“My own recipe, sir; they’re not to be equaled in all Virginia, sir,” and he was much disappointed when Ralph refused, and openly disgusted when young Tom said, “No, thank you, dad.”

However the old gentleman drank all three, not wishing to see such good things wasted, and his good humor soon returned.

“Tom hasn’t taken a single julep this September,” remarked Mrs. Bollup, with evident satisfaction; “I’m awfully glad he doesn’t.”

“Stuff,” snorted the old gentleman; “my juleps would never hurt any one.”

Tom colored and looked uneasy and changed the conversation.

There was yet another of the family who welcomed Ralph to Hampden Grove. She gave him a warm hand clasp, and with radiant face and eloquent eyes said: “I’m so glad you’re with us again, Ralph.” This was all, but it was enough.

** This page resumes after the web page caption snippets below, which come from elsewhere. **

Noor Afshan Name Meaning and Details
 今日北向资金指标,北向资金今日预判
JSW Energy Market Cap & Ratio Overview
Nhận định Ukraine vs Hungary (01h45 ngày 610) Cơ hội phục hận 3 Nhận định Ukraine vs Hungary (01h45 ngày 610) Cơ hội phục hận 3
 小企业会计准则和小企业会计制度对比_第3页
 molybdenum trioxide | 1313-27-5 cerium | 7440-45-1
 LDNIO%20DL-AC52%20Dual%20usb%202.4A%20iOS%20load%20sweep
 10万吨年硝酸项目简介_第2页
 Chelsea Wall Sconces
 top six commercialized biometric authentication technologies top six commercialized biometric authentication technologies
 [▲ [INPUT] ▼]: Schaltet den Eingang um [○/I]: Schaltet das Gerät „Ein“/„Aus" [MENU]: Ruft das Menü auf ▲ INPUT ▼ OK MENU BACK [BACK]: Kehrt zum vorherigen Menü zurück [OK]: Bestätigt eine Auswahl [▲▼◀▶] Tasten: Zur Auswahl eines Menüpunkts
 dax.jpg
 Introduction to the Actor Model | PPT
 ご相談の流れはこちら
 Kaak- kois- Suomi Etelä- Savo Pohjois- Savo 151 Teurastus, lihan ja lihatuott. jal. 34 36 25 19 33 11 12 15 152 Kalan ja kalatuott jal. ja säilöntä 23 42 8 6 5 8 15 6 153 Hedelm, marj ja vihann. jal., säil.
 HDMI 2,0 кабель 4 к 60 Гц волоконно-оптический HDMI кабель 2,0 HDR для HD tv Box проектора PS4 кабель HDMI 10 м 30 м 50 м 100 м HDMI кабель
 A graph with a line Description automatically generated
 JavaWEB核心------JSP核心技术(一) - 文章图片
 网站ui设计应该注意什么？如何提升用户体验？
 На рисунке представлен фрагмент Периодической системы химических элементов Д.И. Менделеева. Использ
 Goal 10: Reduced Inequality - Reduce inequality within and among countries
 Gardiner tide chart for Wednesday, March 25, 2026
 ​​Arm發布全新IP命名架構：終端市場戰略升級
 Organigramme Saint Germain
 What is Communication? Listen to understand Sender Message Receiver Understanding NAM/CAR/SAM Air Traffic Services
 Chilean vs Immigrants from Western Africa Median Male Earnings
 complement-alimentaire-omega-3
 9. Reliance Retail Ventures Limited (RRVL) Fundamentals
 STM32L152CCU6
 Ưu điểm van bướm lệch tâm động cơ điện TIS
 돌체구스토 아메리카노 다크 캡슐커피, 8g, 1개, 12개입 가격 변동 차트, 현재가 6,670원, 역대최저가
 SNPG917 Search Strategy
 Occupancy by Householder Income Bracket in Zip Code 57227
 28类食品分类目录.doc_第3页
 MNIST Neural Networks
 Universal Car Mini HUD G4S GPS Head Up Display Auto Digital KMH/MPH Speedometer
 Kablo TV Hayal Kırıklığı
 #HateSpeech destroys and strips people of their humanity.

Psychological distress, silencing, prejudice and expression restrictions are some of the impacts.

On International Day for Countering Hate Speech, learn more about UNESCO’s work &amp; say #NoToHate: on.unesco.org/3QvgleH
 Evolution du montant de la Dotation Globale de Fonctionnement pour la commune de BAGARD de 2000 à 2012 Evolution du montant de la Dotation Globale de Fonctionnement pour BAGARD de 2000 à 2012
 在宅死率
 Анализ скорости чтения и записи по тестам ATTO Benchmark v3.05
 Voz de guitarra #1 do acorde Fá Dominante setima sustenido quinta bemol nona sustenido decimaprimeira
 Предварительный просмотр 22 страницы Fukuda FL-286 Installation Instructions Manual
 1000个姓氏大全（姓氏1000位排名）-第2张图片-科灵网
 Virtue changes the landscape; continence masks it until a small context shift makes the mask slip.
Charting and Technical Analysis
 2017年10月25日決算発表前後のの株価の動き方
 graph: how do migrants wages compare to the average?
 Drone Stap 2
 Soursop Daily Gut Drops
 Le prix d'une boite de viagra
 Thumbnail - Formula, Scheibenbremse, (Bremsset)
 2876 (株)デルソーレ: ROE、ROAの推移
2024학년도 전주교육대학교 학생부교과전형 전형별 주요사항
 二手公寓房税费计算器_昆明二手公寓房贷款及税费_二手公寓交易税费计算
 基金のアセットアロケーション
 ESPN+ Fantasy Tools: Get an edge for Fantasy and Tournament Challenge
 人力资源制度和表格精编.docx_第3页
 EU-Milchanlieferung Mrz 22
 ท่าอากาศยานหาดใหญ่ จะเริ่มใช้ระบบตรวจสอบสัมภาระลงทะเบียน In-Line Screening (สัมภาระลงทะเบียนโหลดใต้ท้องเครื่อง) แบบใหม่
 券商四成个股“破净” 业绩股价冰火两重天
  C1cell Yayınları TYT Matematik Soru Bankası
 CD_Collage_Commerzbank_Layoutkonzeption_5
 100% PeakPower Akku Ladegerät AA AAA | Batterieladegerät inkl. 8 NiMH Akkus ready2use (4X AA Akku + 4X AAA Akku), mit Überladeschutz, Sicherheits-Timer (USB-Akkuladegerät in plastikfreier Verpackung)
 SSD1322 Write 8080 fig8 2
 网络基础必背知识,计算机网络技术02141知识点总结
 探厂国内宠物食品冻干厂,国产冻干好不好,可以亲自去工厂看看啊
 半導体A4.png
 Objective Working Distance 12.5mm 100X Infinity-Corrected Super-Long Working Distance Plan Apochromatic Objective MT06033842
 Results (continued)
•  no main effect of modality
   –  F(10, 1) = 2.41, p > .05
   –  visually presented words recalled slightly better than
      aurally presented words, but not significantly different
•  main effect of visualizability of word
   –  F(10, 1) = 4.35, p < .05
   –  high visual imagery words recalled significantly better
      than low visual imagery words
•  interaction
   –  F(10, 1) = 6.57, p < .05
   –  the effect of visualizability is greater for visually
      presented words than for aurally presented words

Gladys Bollup has already been described. In the year since we have seen her she had grown and developed about as much as is to be expected in a girl of her age. A year ago her eyes had been deep blue, so assuredly they were not light brown or hazel or green now. She then was tall and slender, and still is. The time is coming when she will have lost her girlish figure, and her hair will be gray, but tell me, Himski, can you not in the bright happy youth of your long ago, recall to mind some girl who is even dearer now than she was then, though to-day gray hair has replaced the golden locks that once, in your mind at least, dazzled even the sun with its glory; has not the same face with the true heart illuminating it grown even more beautiful?

The truthful writer of these pages has not much to say of these two weeks that Ralph spent with the Bollups. Soon Dorothy complained that she didn’t see much of Ralph; he was always away with Tom in the mornings and he was forever taking long walks with Gladys in the afternoons and evenings. And in truth Dorothy was right, and she pouted because she wasn’t asked to go along, and thought her sister was “real mean.”

Ralph and Gladys would wander for miles down the path by the river bank; they strolled through the woods and across fields. They must have had much to talk of, but what it was all about I do not know. But one thing is certain, however interesting their talks may have been, they didn’t seem to tell the rest of the family of the subjects that so engrossed them.

As a faithful recorder of the doings of these young people I should pick out some night and record their conversation; and I should tell how the moon rose, or sank, of how fitful winds moaned and sighed, or of the balmy breezes that floated in from the beautiful majestic waters of the river James. And I should tell of the twinkling stars and of glorious cumulus clouds in the heavens overhead. But this would be imagination, which is not my forte. No doubt the stars twinkled, the winds must have blown, the leaves must have rustled on the tree branches pretty much as they did when you, Himski, went wandering about the woods with some pretty girl. But I cannot speak with exactness of these things however attractive or necessary they may be to a story, simply because they were not recorded at the time. However, we may be sure of one thing, that our friend Ralph had a most happy time at Hampden Grove, and that he and Gladys Bollup were fast friends as indeed he was with all the family.